# Required work
Below are records; print only the lines from the line containing "Ariel Dunes I 2207 Destin Luaran gambar" to the end, both included, reproduced exactly and without the pictures.

%%

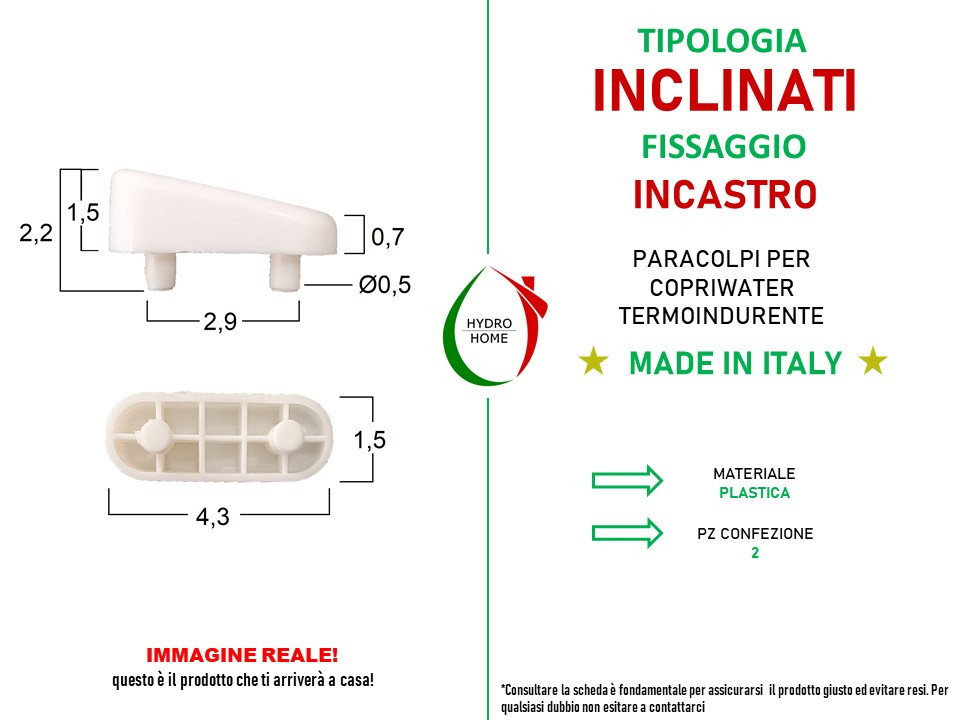P004_4899-copy-of-Kit-paracolpi-in-plastica-H-1cm-per-copriwater.jpeg Kit paracolpi inclinati in plastica per copriwater - immagine 2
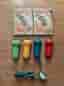 Xbox 360 Scene It? spel med 4 buzzers
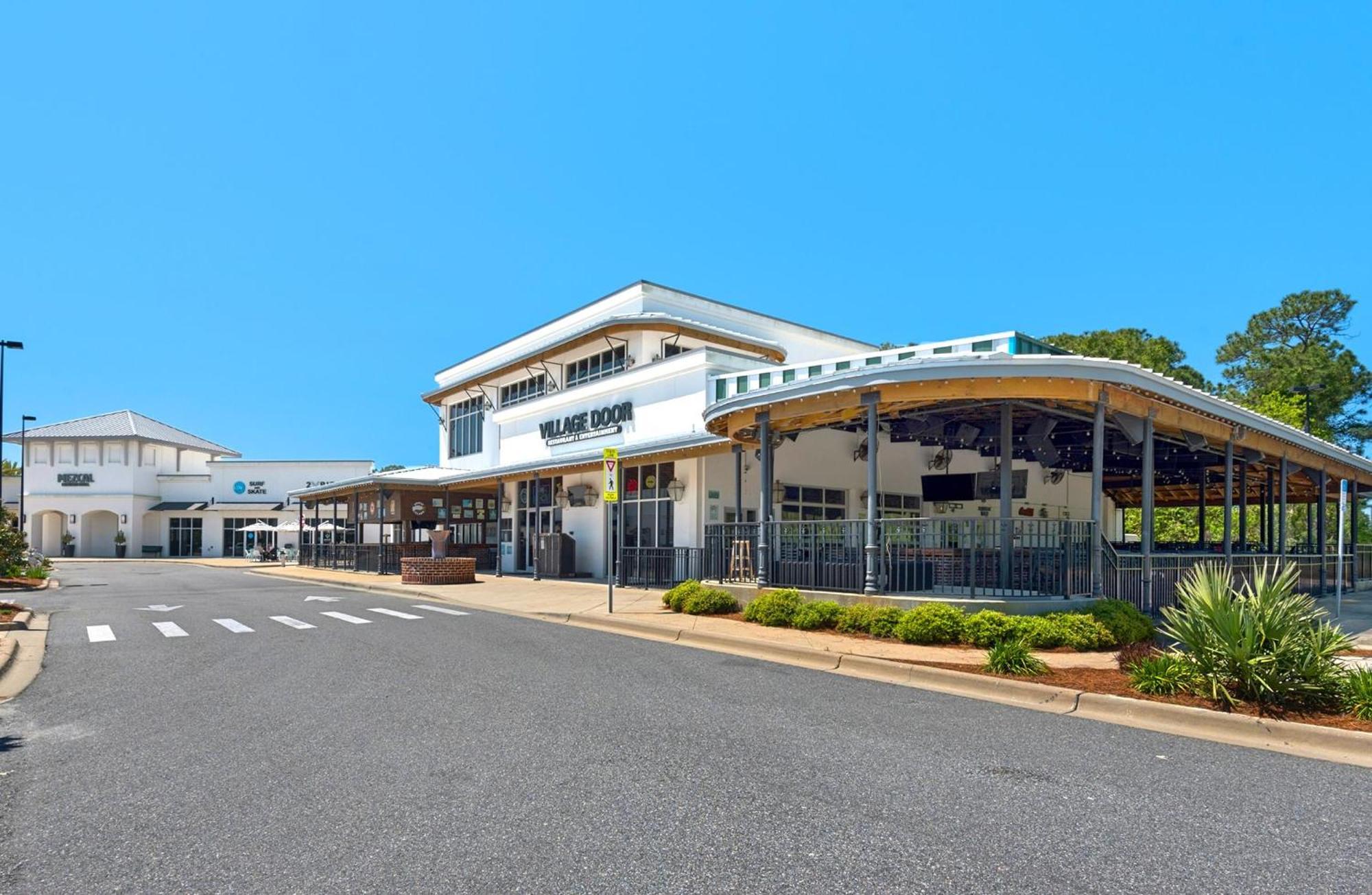 Ariel Dunes I 2207 Destin Luaran gambar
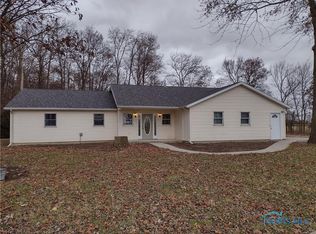 5485 Mulligans Bluff Rd, Ney, OH 43549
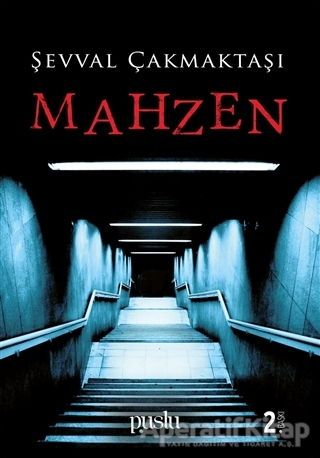 Mahzen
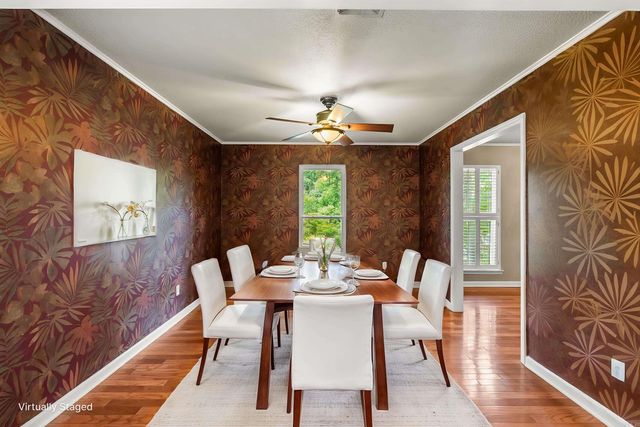 1611 Alberta Drive, Little Rock, AR 72227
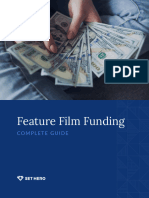 Feature Film Funding Guide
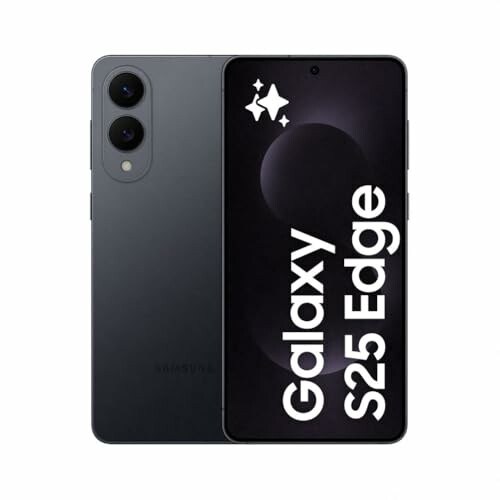 Samsung Galaxy S25 Edge 512GB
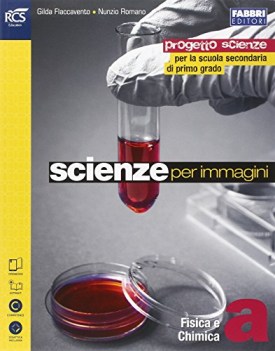 scienze per immagini a (2t) scienze scuola media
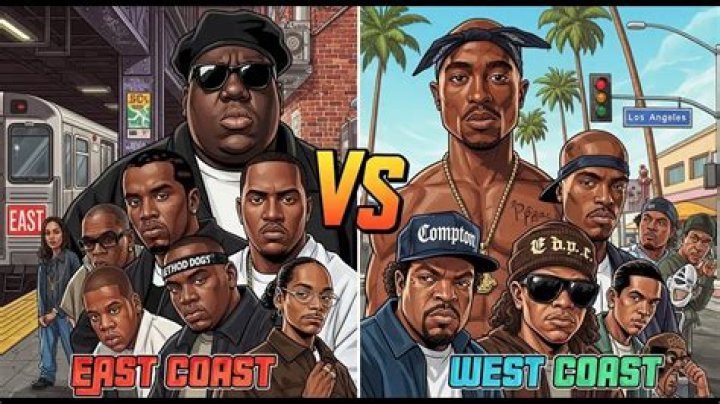 Mack 10: The Legendary West Coast Rap Artist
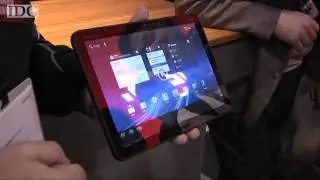 IPad competitors line up at CES, tablet prices expected to drop in 2011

%%

# Solved problem
 Ariel Dunes I 2207 Destin Luaran gambar
 5485 Mulligans Bluff Rd, Ney, OH 43549
 Mahzen
 1611 Alberta Drive, Little Rock, AR 72227
 Feature Film Funding Guide
 Samsung Galaxy S25 Edge 512GB
 scienze per immagini a (2t) scienze scuola media
 Mack 10: The Legendary West Coast Rap Artist
 IPad competitors line up at CES, tablet prices expected to drop in 2011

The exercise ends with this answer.